Hi Alvin.
Thanks for your suggestion.
In overall, your suggestion looks very reasonable to me!
I'll check the POC.
Many thanks,
Jihoon
Hi All ,
After doing lot of research in my opinion we should utilize
zookeeper for Tajo Master HA.I have created a small POC and shared it on my
Github repository ( [email protected]:alvinhenrick/zooKeeper-poc.git).
Just to make things little bit easier and maintainable I am
utilizing Apache Curator the Fluent Zookeeper Client API developed at
Netflix and is now part of an apache open source project.
I have attached the diagram to convey my message to the team
members.Will upload it to JIRA once everyone agree with the proposed
solution.
Here is the flow going to look like.
TajoMasterZkController ==>
1. This component will start and connect to zookeeper quorum and fight
( :) ) to obtain the latch / lock to become the master .
2. Once the lock is obtained the Apache Curator API will invoke
takeLeadership () method at this time will start the TajoMaster.
3. As long as the TajoMaster is running the Controller will keep the
lock and update the meta data on zookeeper server with the
HOSTNAME and RPC
PORT.
4. The other participant will keep waiting for the latch/ lock to be
released by zookeeper to obtain the leadership.
5. The advantage is we can have as many Tajo Master's as we wan't but
only one can be the leader and will consume the resources only after
obtaining the latch/lock.
TajoWorkerZkController ==>
1. This component will start and connect to zookeeper (will create
EPHEMERAL ZNODE) and wait for the events from zookeeper.
2. The first listener will listener for successful registration.
3. The second listener on master node will listen for any changes to
the master node received from zookeeper server.

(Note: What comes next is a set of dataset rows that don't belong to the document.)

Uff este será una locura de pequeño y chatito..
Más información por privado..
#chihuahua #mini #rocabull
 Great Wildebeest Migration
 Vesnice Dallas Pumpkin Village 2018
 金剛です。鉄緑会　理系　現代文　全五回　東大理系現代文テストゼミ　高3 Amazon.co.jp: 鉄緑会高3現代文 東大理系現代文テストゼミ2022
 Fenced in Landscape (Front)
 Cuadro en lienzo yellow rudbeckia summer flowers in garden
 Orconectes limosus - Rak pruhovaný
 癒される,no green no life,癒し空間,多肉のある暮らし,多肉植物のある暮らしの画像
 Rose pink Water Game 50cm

4. If the failover occurs the data on the master ZNODE will be
changed and the new HOSTNAME and RPC PORT can be obtained and the
TajoWorker can establish the new RPC connection with the TajoMaster.
To demonstrate I have created the small Readme.txt file
on Github on how to run the example. Please read the log statements on the
console.
Similar to TajoWorkerZkController we can also
implement TajoClientZkController.
Any help or advice is appreciated.
Thanks!
Warm Regards,
Alvin.